After seven months, the four week abstinence rates were 5.8% in the intervention group and 2.2% in the control group (p<0.001), and the seven day quit rates were 8.0% and 3.3% (p<0.001), respectively.5 After 24 months, abstinence rates were similar in the two groups, but more participants in the intervention group than in the control group had made a one month quit attempt and had used nicotine replacement products during the study (table 1). The number of days of smoking abstinence during the study was higher in the intervention group than in the control group. After 24 months, the distribution of participants by “stage of change” was the same in the two groups.
Among participants who had quit smoking at seven month follow up, using the criterion of four weeks’ abstinence, the proportions of non-smokers at 24 months were similar in the intervention and control groups (55.3% versus 57.6%, p = 0.8). Among smokers at seven months, the proportions of non-smokers at 24 months were similar in the two groups (8.4% versus 9.4%, p = 0.3).
In daily smokers, a computer tailored smoking cessation programme carried out by mail doubled the odds of quitting smoking, seven months after entry in the programme, but this effect was not maintained after two years—that is, one year after the end of the intervention.

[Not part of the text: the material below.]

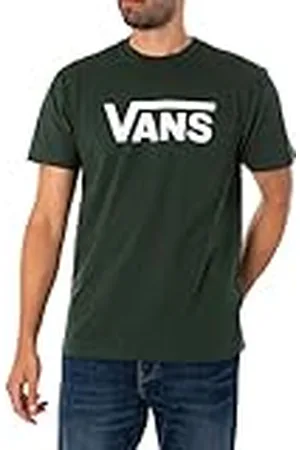 Vans Classic tee-B Camiseta, , S para Hombre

This programme was effective only as long as it was active. This calls for an experimental test of various durations of the intervention (for example, one year compared with two or five years).
The post-intervention effect of available computer tailored smoking cessation programmes should be further tested, for example, two or five years after the intervention is stopped.
The smoking cessation programme described in this article is available free of charge on the internet and on paper. Vincent Baujard, from the Health On The Net Foundation (http://www.hon.ch) and Victor Gabriel developed the software for the smoking cessation programme.
Funding: this study was supported by grants from the Swiss National Science Foundation to J-F Etter (32-47122-96, 3233-054994.98 and 3200-055141.98), by the Swiss Cancer League, the Swiss Federal Office of Public Health, and the Health Authority of the Canton of Geneva. The smoking cessation programme evaluated in this paper was funded by the same sponsors and by the Geneva Cancer League, the Swiss Foundation for Health Promotion, the Loterie Romande, Pharmacia, and the Health Authority of the Canton of Jura.
Conflicts of interest: none declared.